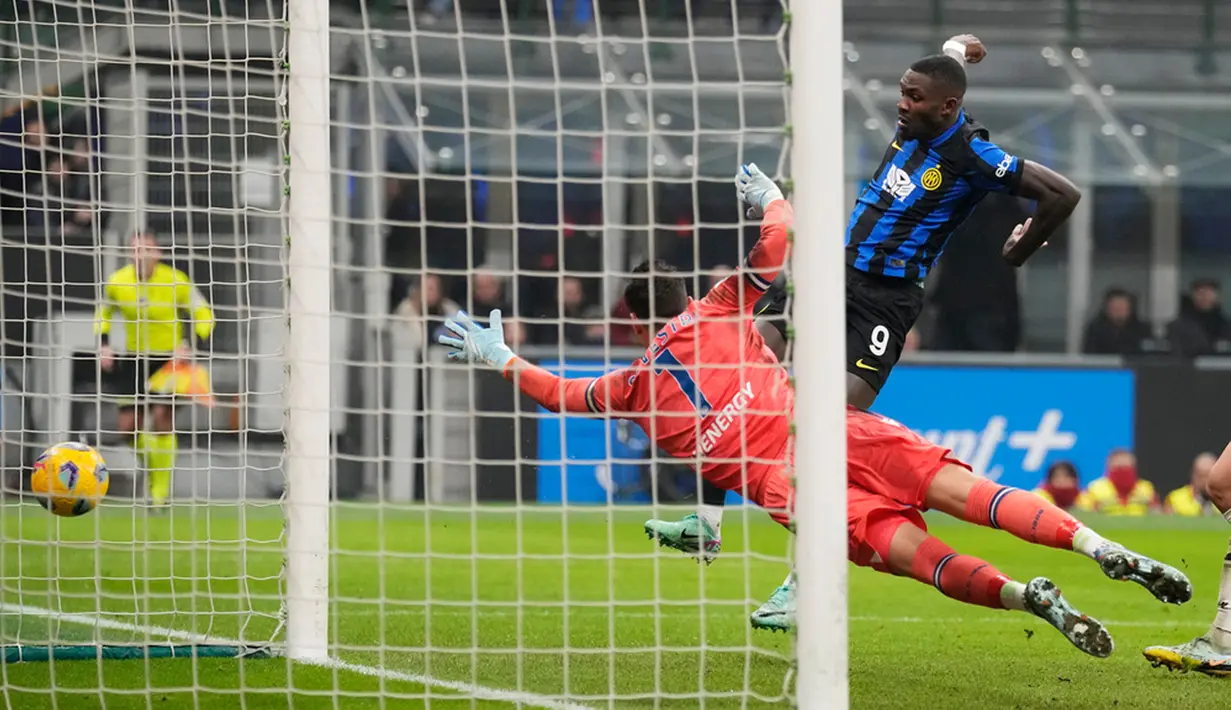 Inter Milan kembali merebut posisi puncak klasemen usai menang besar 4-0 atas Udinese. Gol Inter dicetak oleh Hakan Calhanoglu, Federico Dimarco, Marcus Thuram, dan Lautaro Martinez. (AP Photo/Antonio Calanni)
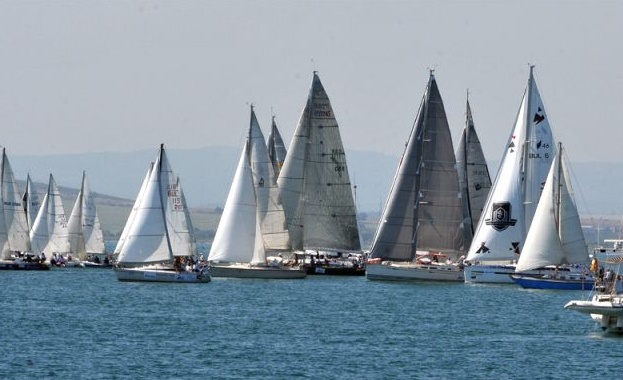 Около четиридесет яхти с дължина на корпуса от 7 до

--

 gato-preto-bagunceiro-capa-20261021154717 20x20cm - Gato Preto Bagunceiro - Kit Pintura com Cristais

---

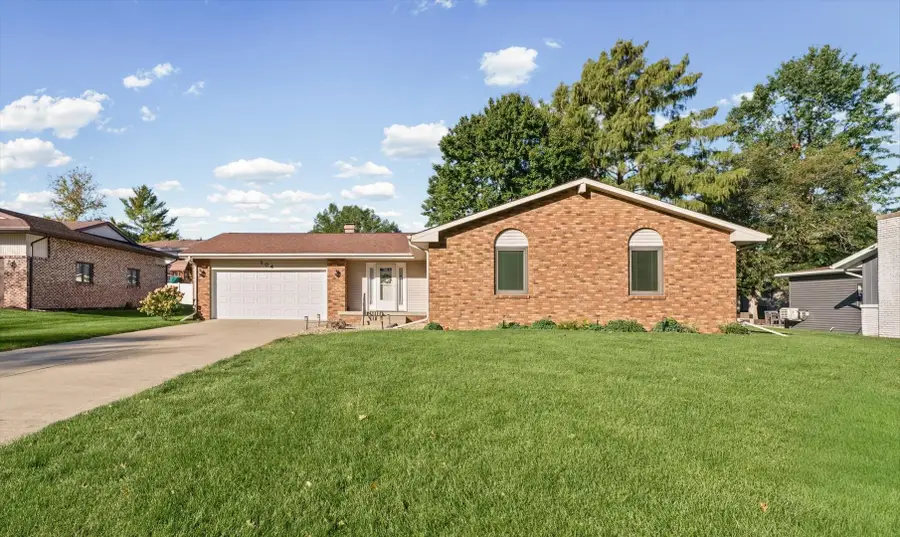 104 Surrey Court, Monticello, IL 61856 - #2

» **AIM OF THE TASK**
All that should be printed is the run of lines above from the one with "Inter Milan kembali" through the one with "Около четиридесет яхти", both included, exactly as given, with pictures left out.

» **TASK ANSWER**
 Inter Milan kembali merebut posisi puncak klasemen usai menang besar 4-0 atas Udinese. Gol Inter dicetak oleh Hakan Calhanoglu, Federico Dimarco, Marcus Thuram, dan Lautaro Martinez. (AP Photo/Antonio Calanni)
 Около четиридесет яхти с дължина на корпуса от 7 до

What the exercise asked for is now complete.